The story starts with Åke Grönberg arriving in his home town with his circus troupe in the hope of repairing his relationship with his wife Annika Tretow and the sons he abandoned for a life on the road. However, they reject him and he returns to discover that his equestrienne mistress, Harriet Andersson, has been having an affair with Hasse Ekman, an arrogant actor who regards her merely as a cheap trinket. Determined to exact his revenge, Albert attempts to whip Frans during the evening performance, only to be subjected to a shameful beating in front of his family and former neighbours. As the film ends, Grönberg and Andersson leave town, bound by their miserable abasement and the knowledge that their unhappy union is little more than a dismal convenience.
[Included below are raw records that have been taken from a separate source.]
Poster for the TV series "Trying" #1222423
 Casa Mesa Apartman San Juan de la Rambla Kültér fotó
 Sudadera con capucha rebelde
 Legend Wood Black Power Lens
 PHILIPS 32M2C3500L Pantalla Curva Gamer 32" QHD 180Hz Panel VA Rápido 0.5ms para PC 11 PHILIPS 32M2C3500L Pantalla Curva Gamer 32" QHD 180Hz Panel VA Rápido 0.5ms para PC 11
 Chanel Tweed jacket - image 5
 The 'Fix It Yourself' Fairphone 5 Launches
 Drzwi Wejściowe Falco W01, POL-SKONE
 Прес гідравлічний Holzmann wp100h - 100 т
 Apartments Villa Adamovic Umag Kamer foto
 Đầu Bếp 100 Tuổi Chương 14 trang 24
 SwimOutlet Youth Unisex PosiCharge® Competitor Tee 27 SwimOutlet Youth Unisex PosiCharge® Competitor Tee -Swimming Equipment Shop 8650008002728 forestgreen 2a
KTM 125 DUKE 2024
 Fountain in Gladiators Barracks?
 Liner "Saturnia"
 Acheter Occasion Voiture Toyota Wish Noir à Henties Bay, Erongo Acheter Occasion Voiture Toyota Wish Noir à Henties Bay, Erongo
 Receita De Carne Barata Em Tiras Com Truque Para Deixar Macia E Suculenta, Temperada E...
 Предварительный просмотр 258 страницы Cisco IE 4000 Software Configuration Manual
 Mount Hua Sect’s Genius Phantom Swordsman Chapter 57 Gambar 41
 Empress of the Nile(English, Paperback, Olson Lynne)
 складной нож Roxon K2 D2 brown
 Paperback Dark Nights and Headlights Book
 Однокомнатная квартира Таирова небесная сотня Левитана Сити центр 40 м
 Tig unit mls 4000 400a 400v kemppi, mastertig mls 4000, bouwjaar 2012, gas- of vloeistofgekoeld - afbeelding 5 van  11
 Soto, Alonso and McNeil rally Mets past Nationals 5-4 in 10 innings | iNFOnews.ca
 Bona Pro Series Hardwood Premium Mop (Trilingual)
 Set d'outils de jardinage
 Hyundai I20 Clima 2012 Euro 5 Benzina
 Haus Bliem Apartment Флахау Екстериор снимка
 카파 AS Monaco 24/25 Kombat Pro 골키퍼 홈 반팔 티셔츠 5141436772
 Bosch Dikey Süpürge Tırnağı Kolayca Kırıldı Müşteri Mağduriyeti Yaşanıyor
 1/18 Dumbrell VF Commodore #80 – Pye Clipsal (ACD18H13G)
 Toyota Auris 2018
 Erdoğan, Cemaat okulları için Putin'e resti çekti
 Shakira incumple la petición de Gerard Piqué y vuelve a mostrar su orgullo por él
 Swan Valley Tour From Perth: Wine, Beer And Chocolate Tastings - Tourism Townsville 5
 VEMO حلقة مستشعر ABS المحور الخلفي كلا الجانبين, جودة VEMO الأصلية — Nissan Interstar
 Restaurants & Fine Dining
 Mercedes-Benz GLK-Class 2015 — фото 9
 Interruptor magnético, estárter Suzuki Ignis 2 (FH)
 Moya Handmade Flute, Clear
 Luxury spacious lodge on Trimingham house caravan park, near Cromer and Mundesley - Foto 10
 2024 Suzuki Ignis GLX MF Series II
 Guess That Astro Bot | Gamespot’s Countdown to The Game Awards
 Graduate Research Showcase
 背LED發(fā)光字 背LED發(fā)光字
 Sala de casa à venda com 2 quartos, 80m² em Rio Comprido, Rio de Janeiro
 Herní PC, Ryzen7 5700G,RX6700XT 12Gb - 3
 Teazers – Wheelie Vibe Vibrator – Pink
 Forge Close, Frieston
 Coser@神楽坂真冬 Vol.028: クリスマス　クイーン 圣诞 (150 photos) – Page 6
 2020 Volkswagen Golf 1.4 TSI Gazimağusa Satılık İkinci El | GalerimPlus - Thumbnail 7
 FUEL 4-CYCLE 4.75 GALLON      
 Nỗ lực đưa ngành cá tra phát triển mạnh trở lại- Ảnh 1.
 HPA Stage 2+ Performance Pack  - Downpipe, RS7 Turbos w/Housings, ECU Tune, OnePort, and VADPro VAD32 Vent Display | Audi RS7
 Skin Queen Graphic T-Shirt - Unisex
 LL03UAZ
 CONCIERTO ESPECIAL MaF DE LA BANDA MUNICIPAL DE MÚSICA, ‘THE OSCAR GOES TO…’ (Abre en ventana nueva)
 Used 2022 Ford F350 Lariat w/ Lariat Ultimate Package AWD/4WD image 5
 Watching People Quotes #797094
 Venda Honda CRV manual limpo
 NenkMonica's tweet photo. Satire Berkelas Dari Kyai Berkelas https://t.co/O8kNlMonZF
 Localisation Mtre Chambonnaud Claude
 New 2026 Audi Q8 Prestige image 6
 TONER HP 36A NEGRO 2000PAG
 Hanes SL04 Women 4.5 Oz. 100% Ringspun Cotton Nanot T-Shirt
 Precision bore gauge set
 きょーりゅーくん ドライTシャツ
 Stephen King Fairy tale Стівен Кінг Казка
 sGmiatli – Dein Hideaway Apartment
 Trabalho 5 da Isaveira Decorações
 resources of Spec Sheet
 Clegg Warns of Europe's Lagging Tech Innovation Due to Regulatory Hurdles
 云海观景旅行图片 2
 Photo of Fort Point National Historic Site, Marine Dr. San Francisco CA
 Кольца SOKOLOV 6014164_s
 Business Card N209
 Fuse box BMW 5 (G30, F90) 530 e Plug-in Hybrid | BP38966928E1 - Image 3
At the outset, Grönberg hears a story that foreshadows his own degradation, involving clown Anders Ek, who had to carry naked wife Gudrun Brost over his shoulder in a grotesque parody of Christ's journey to Calvary, after she had been goaded into swimming in the sea by a band of mocking soldiers. With its bright bleached light and incessant soundtrack of drums and cannons creating a nightmarish feel, this was not only a bravura piece of staging that demonstrated Bergman's mastery of symbolism and technique, but it also revealed the bleak attitude to religious iconography that he had formed in reaction to his austere upbringing.

Despite Bergman's protestations to the contrary, the style and tone clearly seem to have been influenced by E.A. Dupont's 1925 drama, Variety, in which acrobat Emil Jannings abandons his wife for exotic foreigner Lya de Putti, only for her to be seduced by the handsome Warwick Ward. But Sawdust and Tinsel was essentially a chamber drama. In addition, it was also the first Bergman film to use a journey as a metaphor for life. The Seventh Seal, Wild Strawberries (both 1957), The Magician (aka The Face, 1958) and The Virgin Spring (1960) would all adopt a similar circular structure, in which a character returns to the point of departure having learned much about themselves and the vagaries of existence.

Despite its narrative intricacy and the fact that it's one of Bergman's most primal explorations of human nature, the majority of Swedish critics savaged the film on its release and he was devastated by their hostility. Yet Sawdust and Tinsel - which is also known as The Naked Night and The Clowns' Evening - is now ranked among Bergman's most impressive early works. It certainly left its imprint on Woody Allen, who borrowed its Expressionist atmosphere for Shadows and Fog (1992), in which a clown (John Malkovich) cheats on his sword-swallowing sweetheart (Mia Farrow) with an acrobat (Madonna).

During the early part of his career, Bergman struggled to find any consistency. Thus, he followed Summer With Monika with Secrets of Women (1952), Sawdust and Tinsel with A Lesson in Love (1954) and Smiles of a Summer Night with Dreams (both 1955), which was considered too sombre for mainstream audiences and insufficiently complex to attract an arthouse following. In later years, Bergman dismissed the picture as a resounding misfire and the critics have tended to follow his lead. Yet there is a slickness to the plotting here and some fine performances by a cast that senses the absurdity moiling beneath the melodrama.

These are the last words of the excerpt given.